Noch ein Tourneur-Frühwerk: Phantom Raiders (1940) ist der zweite Teil einer Filmserie um den Privatdetektiv Nick Carter, der regelmäßig arroganten Superschurken das Handwerk legen muss und dabei von einem bizarren Sidekick namens «B-Man» unterstützt wird – einem älteren Herrn, der in seiner Tasche einen Schwarm Bienen mit sich führt. Der selbst für B-Movie-Verhältnisse äußerst billig produzierte Phantom Raiders spielt fast durchweg in einer Handvoll enger Sets, die durch Jalousien und Ventilatoren dynamisiert werden; die terroristische Verschwörung, bei der immerhin mehrere ausgewachsene Ozeandampfer draufgehen, wird erst durch ferngesteuerte Radarwellen in Gang gesetzt, und anschließend von Nick Carter, der den ganzen Film über darauf besteht, sich eigentlich im Urlaub zu befinden, durch ferngesteuerte Kommunikationsroutinen lahm gelegt.
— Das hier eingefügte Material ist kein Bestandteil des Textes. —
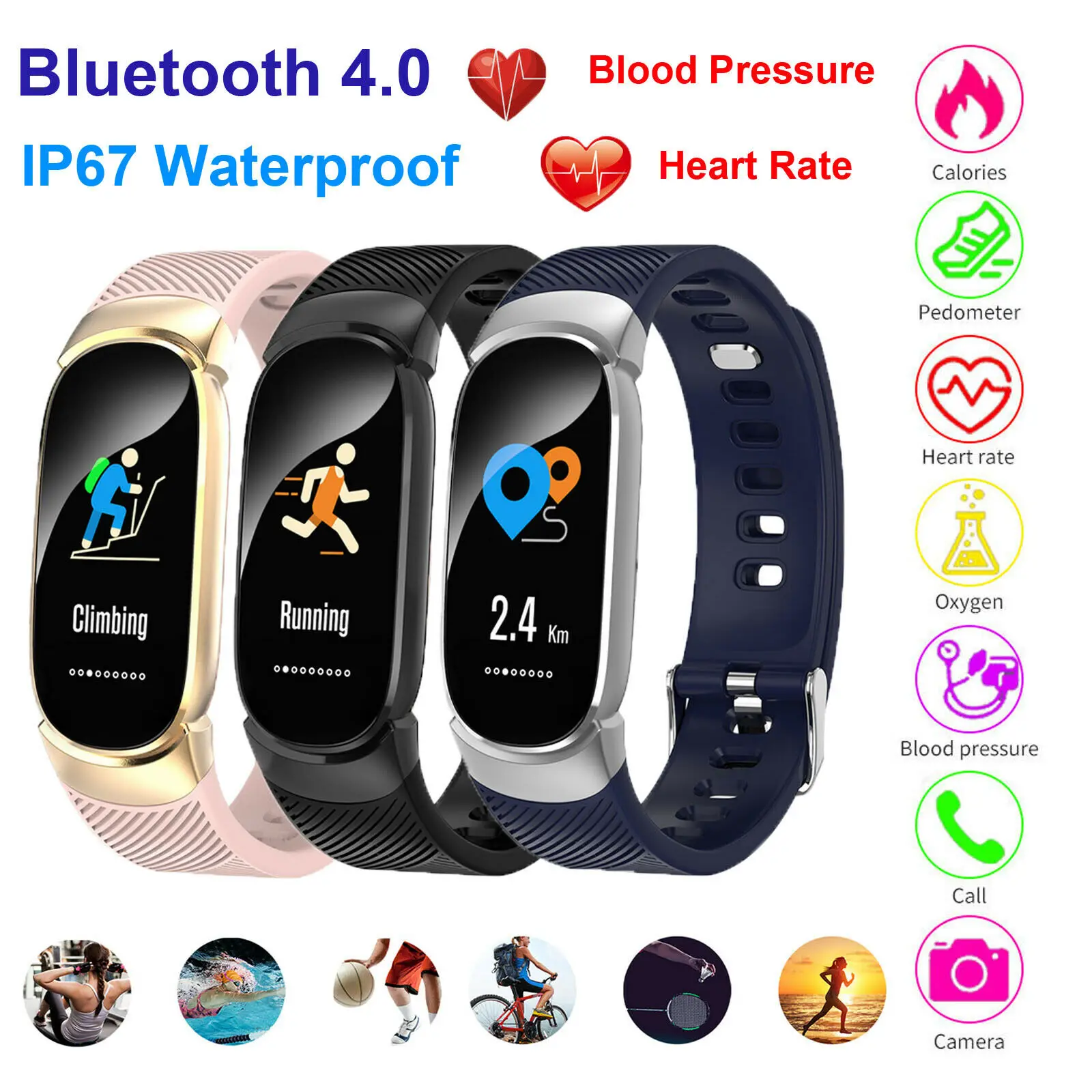 

0.96inch Smart Watch Fitness Tracker Bluetooth Step Sport Bands for Android iPhone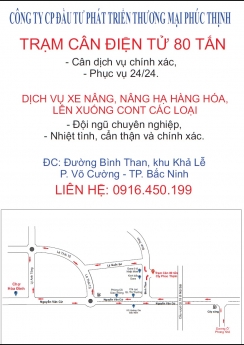 Cân dịch vụ trạm cân Phúc Thịnh, dịch vụ xe nâng nâng hạ hàng hóa.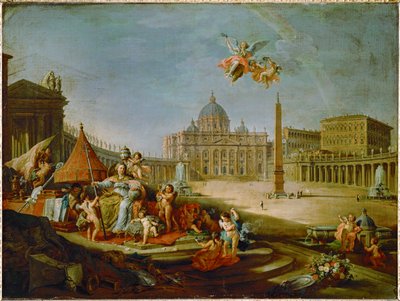 教皇庁の勝利の寓意が描かれたサンピエトロ広場...... 作： Giovanni Paolo Pannini or Panini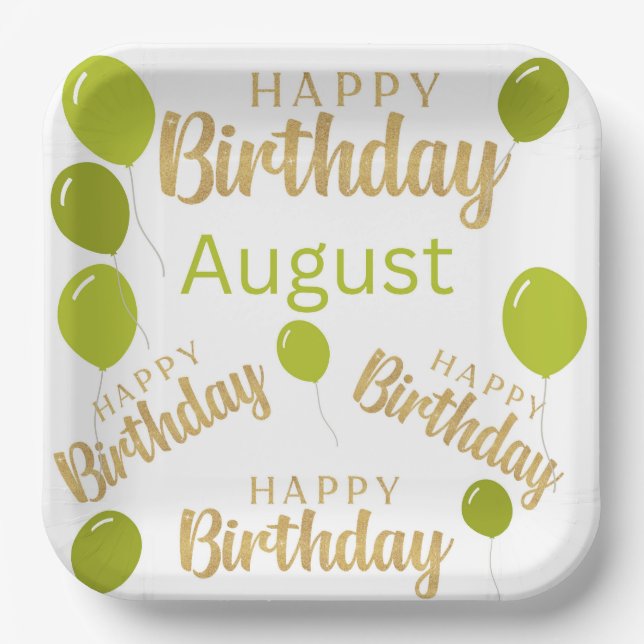 Assiettes En Carton Joyeux anniversaire Août anniversaires Plaque de p (Recto)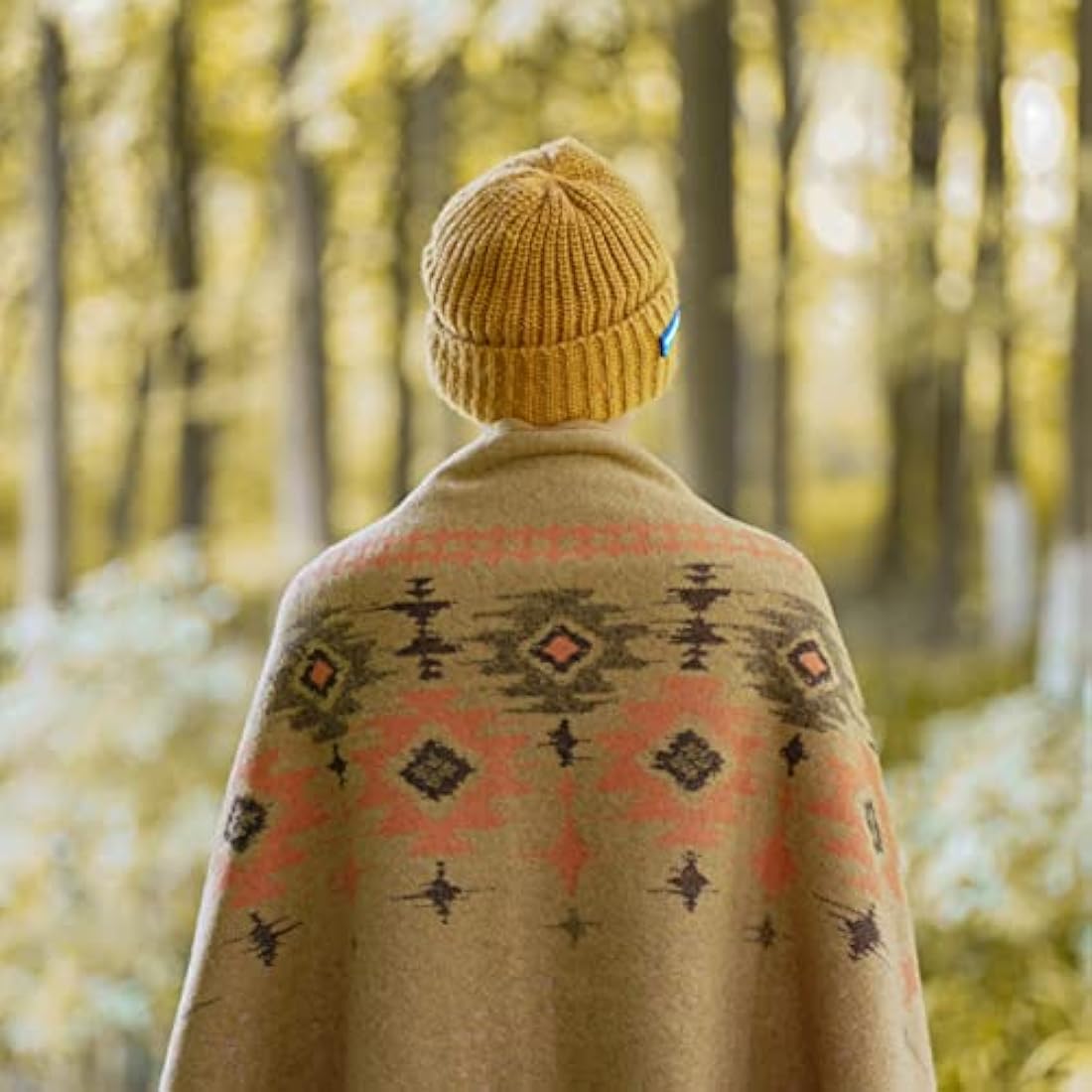 ACUSHLA Merino Wool Camp Blanket - Warm, Thick, Washable, Large Throw - Great for Outdoor Camping All Seasons Suitable Myers Light Tan Twin Size Blanket (87 * 63, Nordic-Khaki)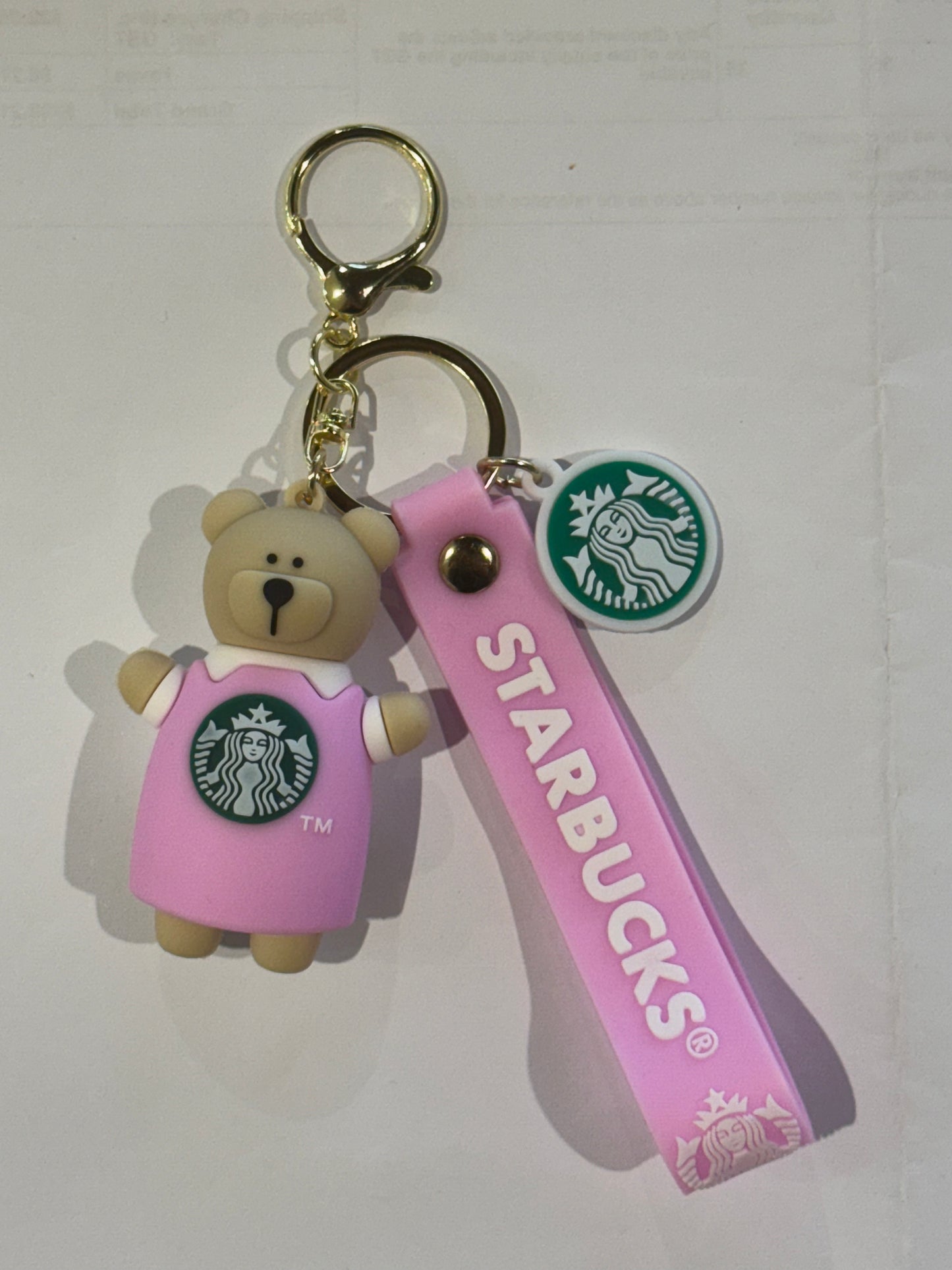 Pink Starbucks Bear 3D Keyrings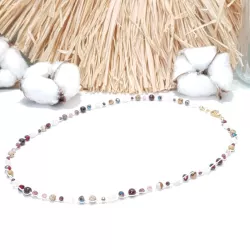 Collier crochet Pioui avec pierres naturelles quartz rose jaspe et grenat, fermoir en acier inoxydable doré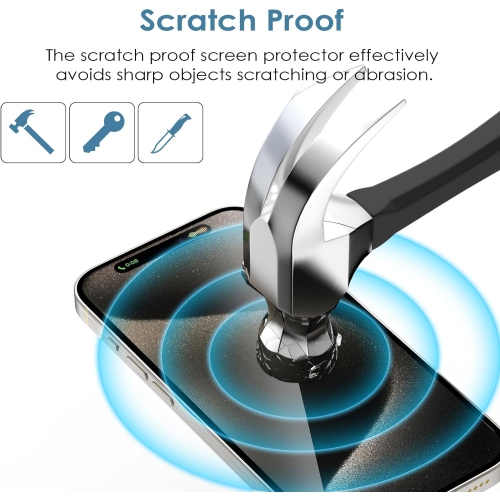 for iPhone 15 Pro Max Screen Protector with Camera Lens Protector Bubble Free Anti-Scratch Anti-Fingerprint 9H HD Tempered Glass Screen Protector for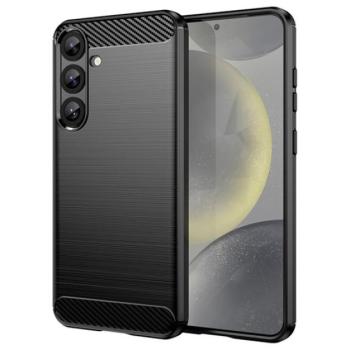 Szilikon telefonvédő (ütésállóság, légpárnás sarok, szálcsiszolt, karbon minta) FEKETE Samsung Galaxy S25 Plus (SM-S936) kép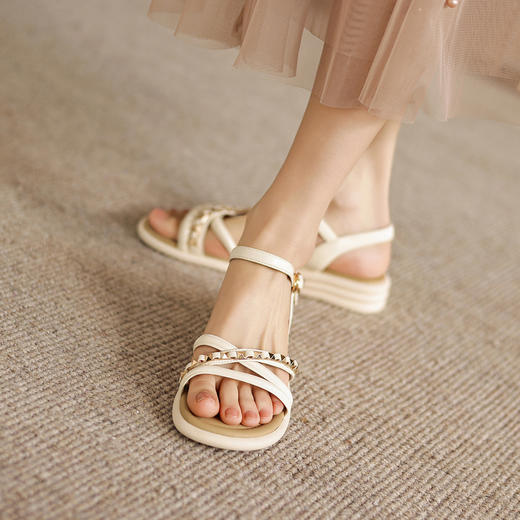 阿么手工女鞋夏季新款外穿软底露趾一字带凉鞋女款仙女风百搭3CM 商品图4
Das ist natürlich Unsinn um seiner selbst Willen, sozusagen the genius of the system im Leerlauf – aber gerade dieser Leerlauf hat es mir angetan. Zumindest vermisse ich im gegenwärtigen Kino wenig mehr als die gewissermaßen interesselose geistige Wendigkeit und inszenatorische Raffinesse von Filmen wie Phantom Raiders.